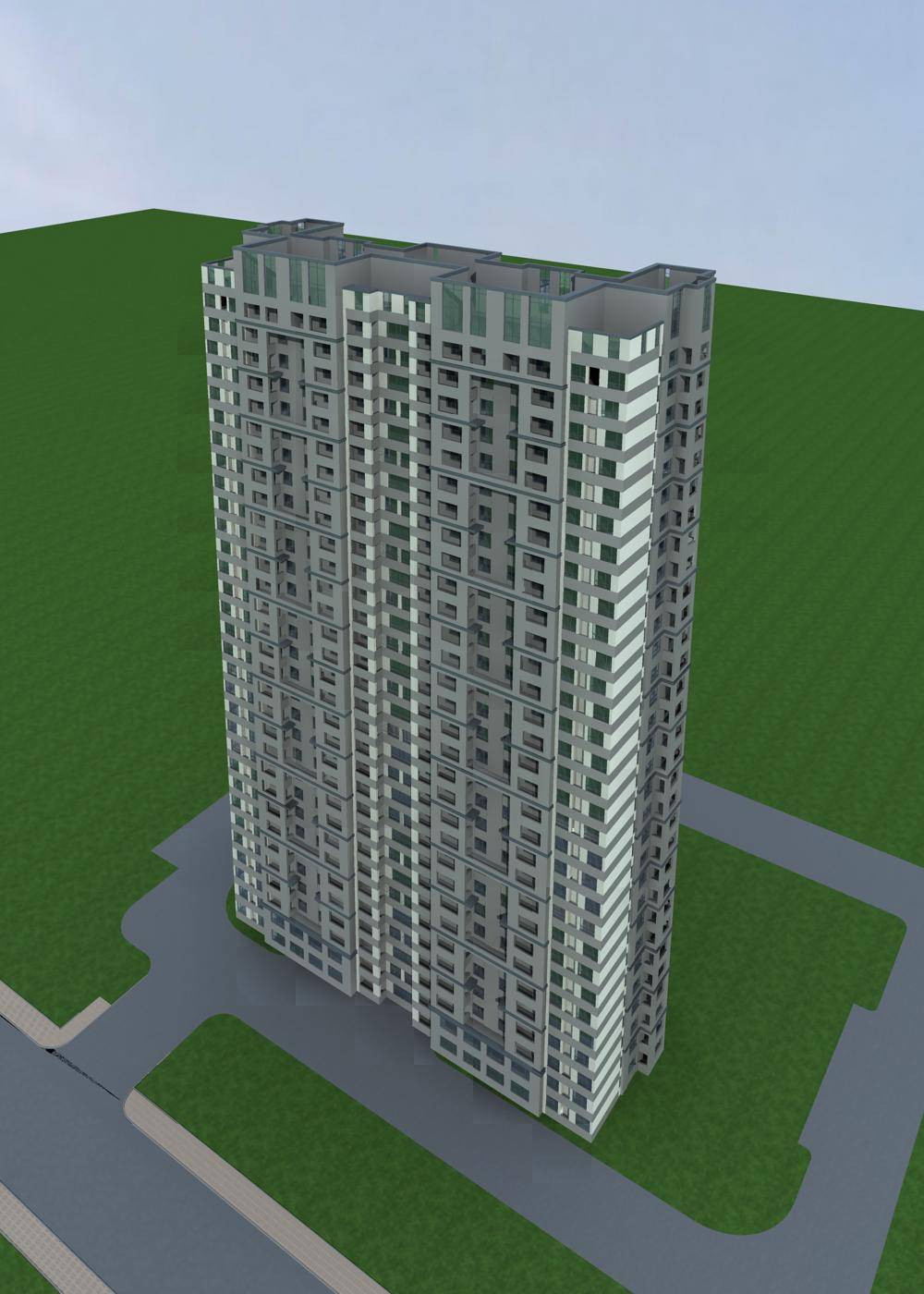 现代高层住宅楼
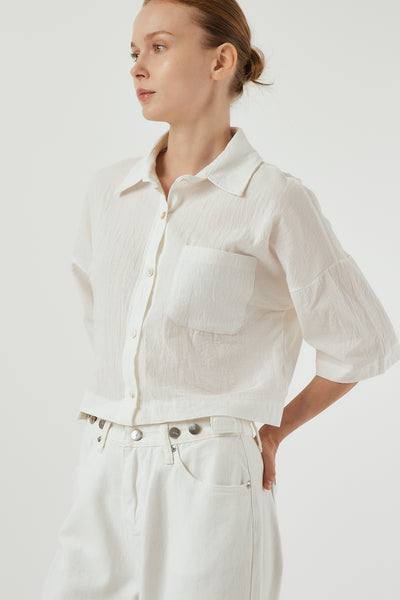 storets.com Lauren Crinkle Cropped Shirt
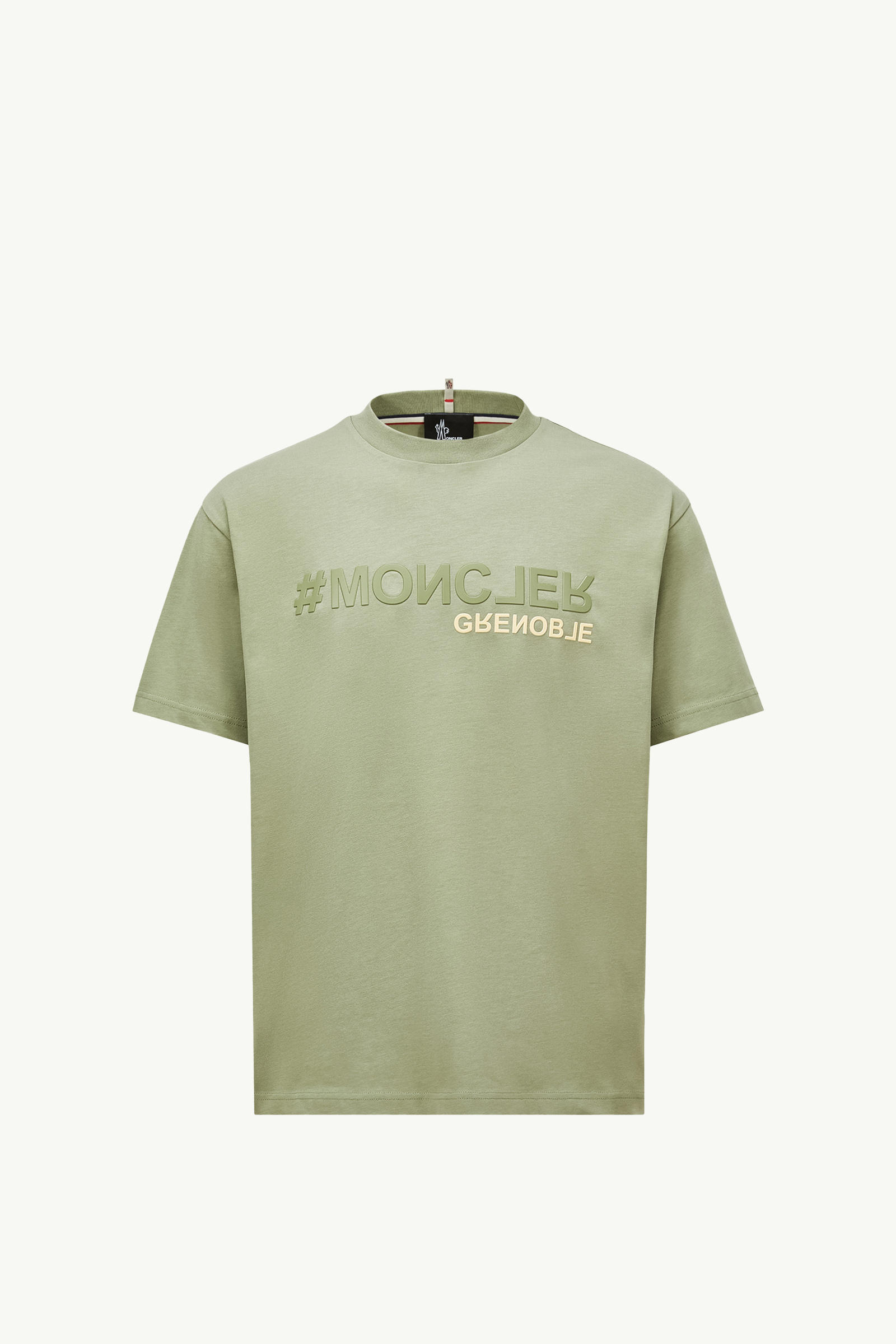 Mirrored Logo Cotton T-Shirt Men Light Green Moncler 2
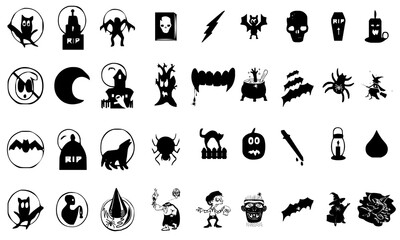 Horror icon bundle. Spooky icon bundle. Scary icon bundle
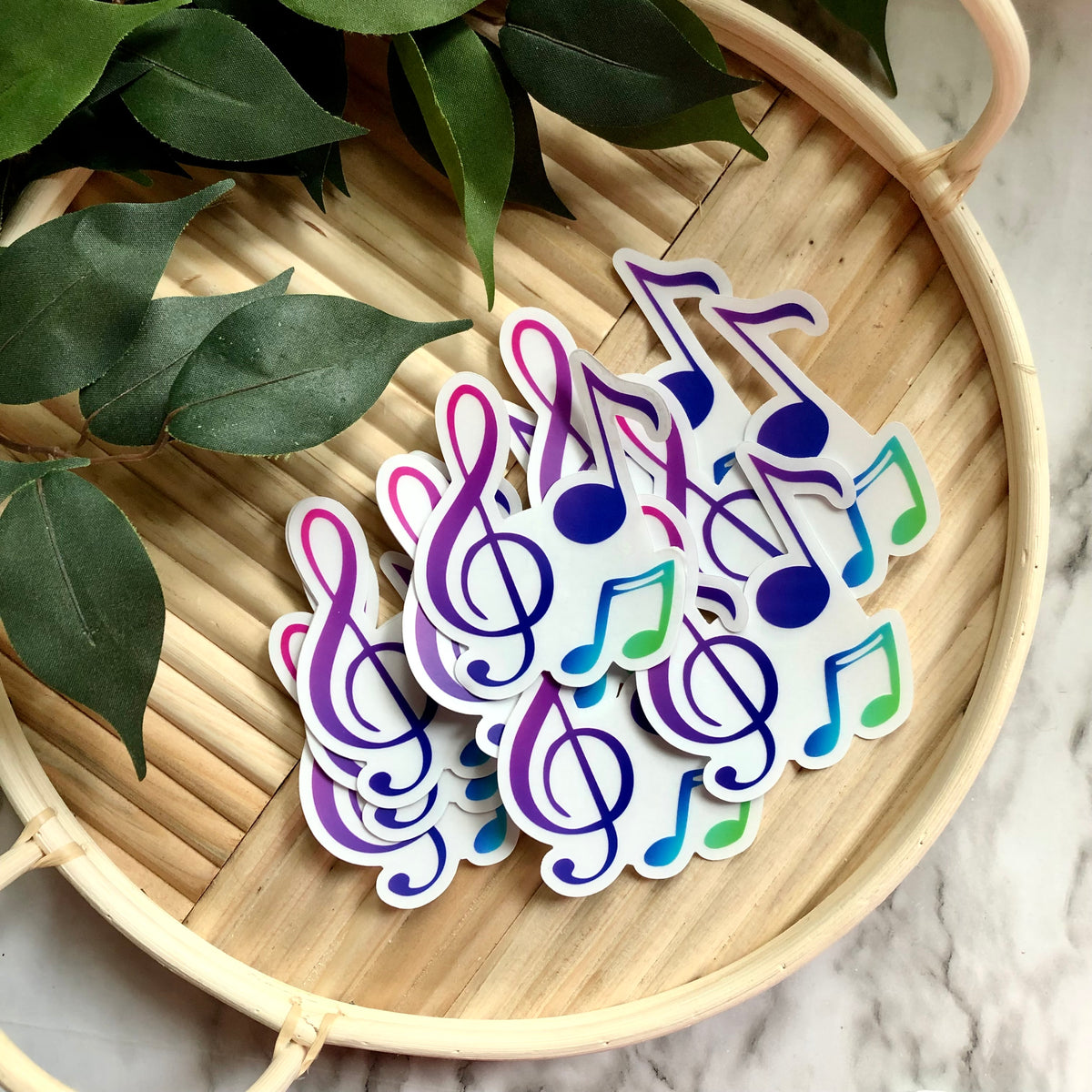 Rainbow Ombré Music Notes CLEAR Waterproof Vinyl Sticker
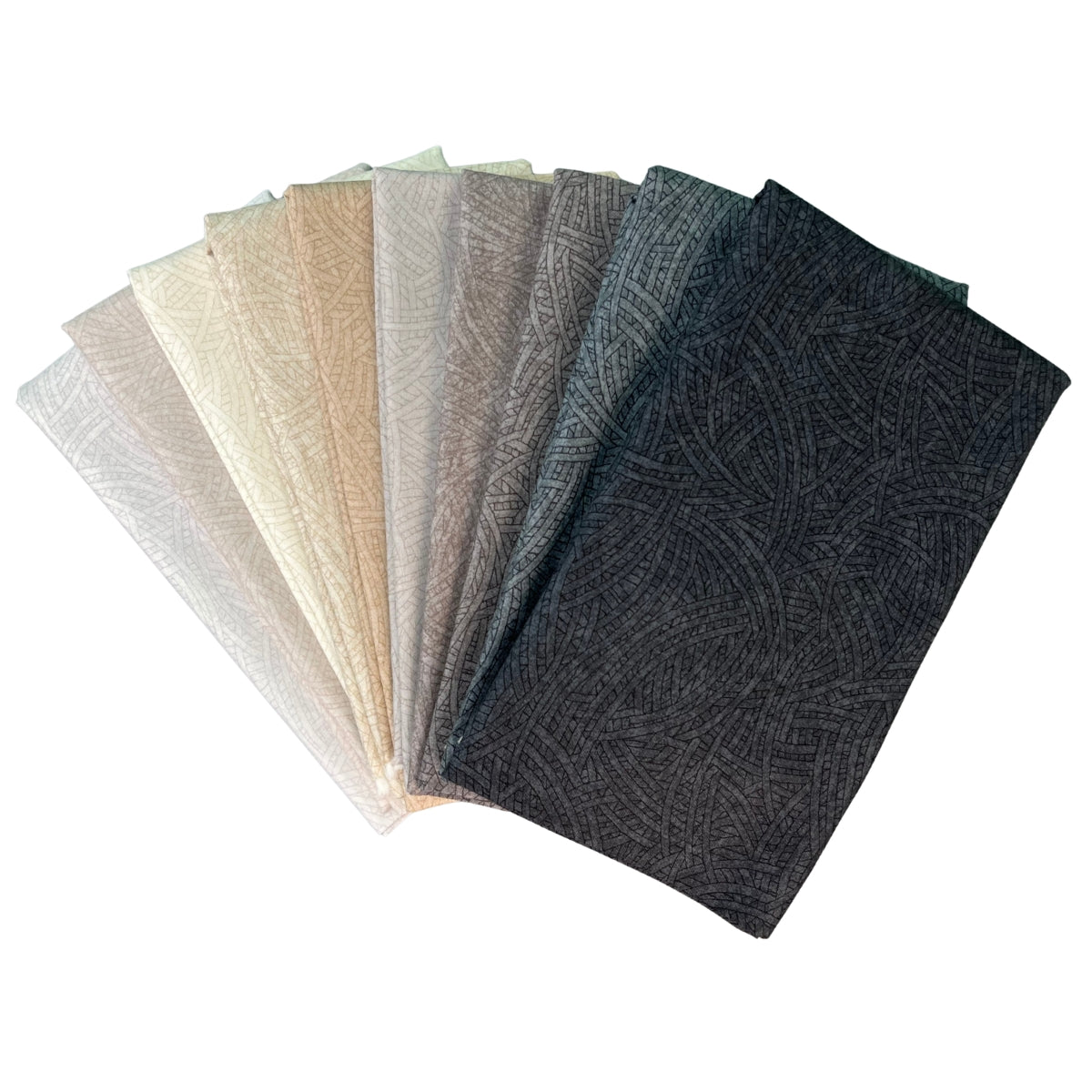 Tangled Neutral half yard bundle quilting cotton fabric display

--- ABOUT THIS EXERCISE ---
Hand back exactly the lines from the one with "Rainbow Ombré Music" through the last line of the data above, both ends included, with every picture left out.

--- TASK OUTPUT ---
 Rainbow Ombré Music Notes CLEAR Waterproof Vinyl Sticker
 Tangled Neutral half yard bundle quilting cotton fabric display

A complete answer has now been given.